SUPPLIED MATERIAL:
# # #

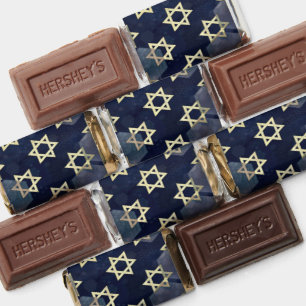 SlipperyJoe's strong Hanukkah vibe Star of David m Hershey's Miniatures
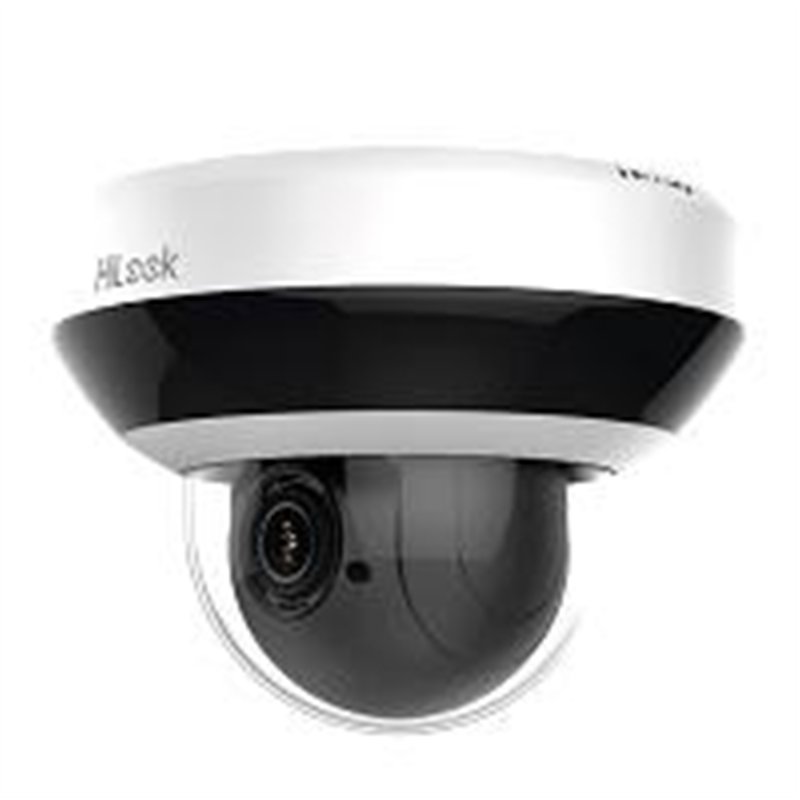CAMARA MINI DOMO PTZ IP 4MEGAPIXELES HILOOK BY HIKVISION PTZ-N2404I-DE3(F) 4X ZOOM / H.265+ / 20 MTS IR EXIR / WDR / POE / IK10 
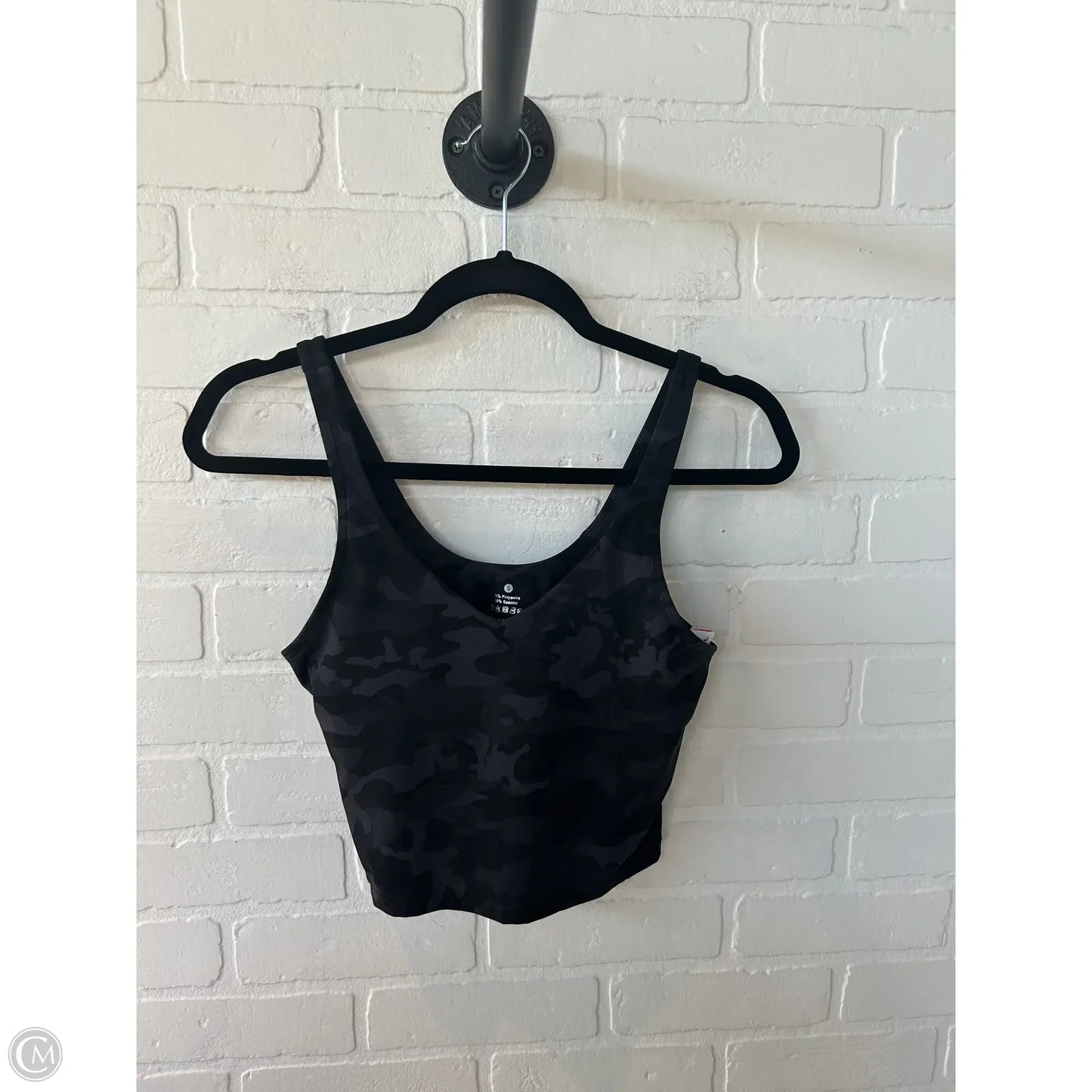 Athletic Tank Top By Clothes Mentor In Black, Size: S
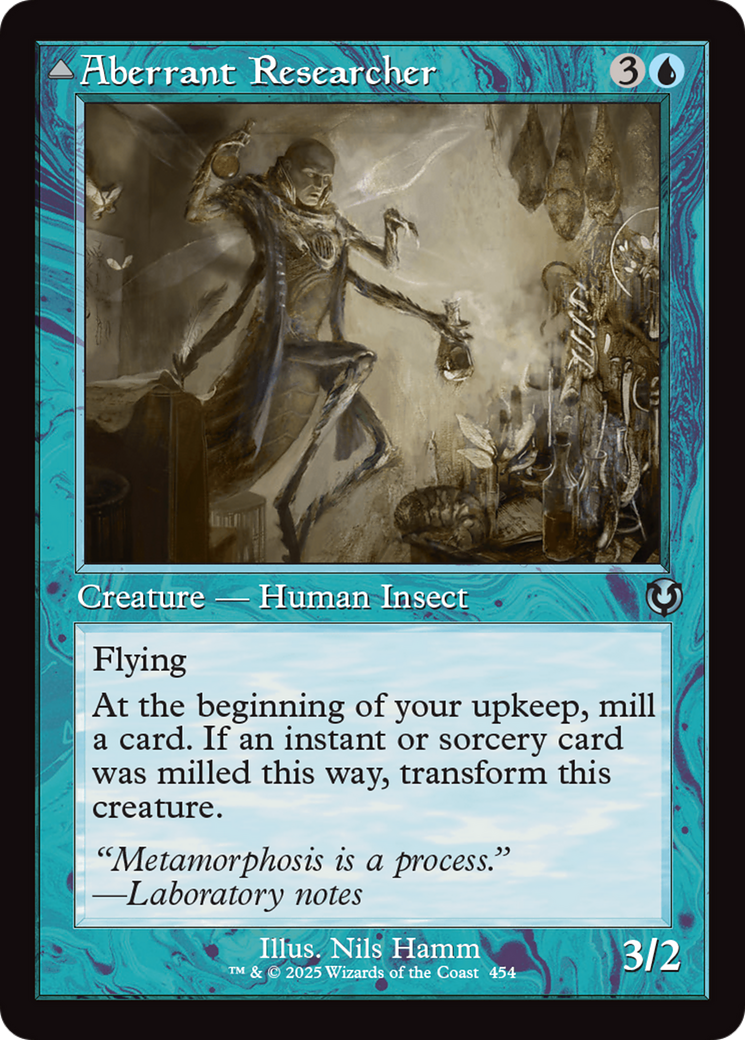 Aberrant Researcher // Perfected Form [Innistrad Remastered]-1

# # #

REQUIRED ACTION:
Transcribe every line from the one containing "CAMARA MINI DOMO" to the end of the listing, exactly and exclusively. Do not carry any picture over.

EXERCISE RESPONSE:
CAMARA MINI DOMO PTZ IP 4MEGAPIXELES HILOOK BY HIKVISION PTZ-N2404I-DE3(F) 4X ZOOM / H.265+ / 20 MTS IR EXIR / WDR / POE / IK10 
 Athletic Tank Top By Clothes Mentor In Black, Size: S
 Aberrant Researcher // Perfected Form [Innistrad Remastered]-1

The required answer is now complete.